## Your objective
What you return should be the lines from the first line of the records below through the line holding "USCIS Clarifies R-1", unchanged.

#### Task data

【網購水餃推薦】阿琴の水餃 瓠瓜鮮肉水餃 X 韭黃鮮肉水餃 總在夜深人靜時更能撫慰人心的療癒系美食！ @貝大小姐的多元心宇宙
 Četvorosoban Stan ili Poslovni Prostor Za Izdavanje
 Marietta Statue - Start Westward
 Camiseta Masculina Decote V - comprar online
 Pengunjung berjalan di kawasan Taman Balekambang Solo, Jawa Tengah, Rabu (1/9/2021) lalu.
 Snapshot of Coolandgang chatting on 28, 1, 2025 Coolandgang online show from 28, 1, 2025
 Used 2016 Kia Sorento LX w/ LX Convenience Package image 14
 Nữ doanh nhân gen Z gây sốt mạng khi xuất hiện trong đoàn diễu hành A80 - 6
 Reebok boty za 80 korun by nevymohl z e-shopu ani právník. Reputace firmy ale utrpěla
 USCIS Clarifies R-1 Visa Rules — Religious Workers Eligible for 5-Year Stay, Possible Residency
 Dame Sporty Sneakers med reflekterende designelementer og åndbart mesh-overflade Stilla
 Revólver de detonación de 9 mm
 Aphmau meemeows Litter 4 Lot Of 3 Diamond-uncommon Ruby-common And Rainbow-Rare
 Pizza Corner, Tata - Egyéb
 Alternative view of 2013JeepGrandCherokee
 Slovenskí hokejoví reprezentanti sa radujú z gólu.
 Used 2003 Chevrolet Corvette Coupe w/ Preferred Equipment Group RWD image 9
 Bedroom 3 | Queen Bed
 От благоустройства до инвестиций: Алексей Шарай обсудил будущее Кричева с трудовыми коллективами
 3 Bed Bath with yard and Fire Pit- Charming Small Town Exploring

########

## Reply to the task
【網購水餃推薦】阿琴の水餃 瓠瓜鮮肉水餃 X 韭黃鮮肉水餃 總在夜深人靜時更能撫慰人心的療癒系美食！ @貝大小姐的多元心宇宙
 Četvorosoban Stan ili Poslovni Prostor Za Izdavanje
 Marietta Statue - Start Westward
 Camiseta Masculina Decote V - comprar online
 Pengunjung berjalan di kawasan Taman Balekambang Solo, Jawa Tengah, Rabu (1/9/2021) lalu.
 Snapshot of Coolandgang chatting on 28, 1, 2025 Coolandgang online show from 28, 1, 2025
 Used 2016 Kia Sorento LX w/ LX Convenience Package image 14
 Nữ doanh nhân gen Z gây sốt mạng khi xuất hiện trong đoàn diễu hành A80 - 6
 Reebok boty za 80 korun by nevymohl z e-shopu ani právník. Reputace firmy ale utrpěla
 USCIS Clarifies R-1 Visa Rules — Religious Workers Eligible for 5-Year Stay, Possible Residency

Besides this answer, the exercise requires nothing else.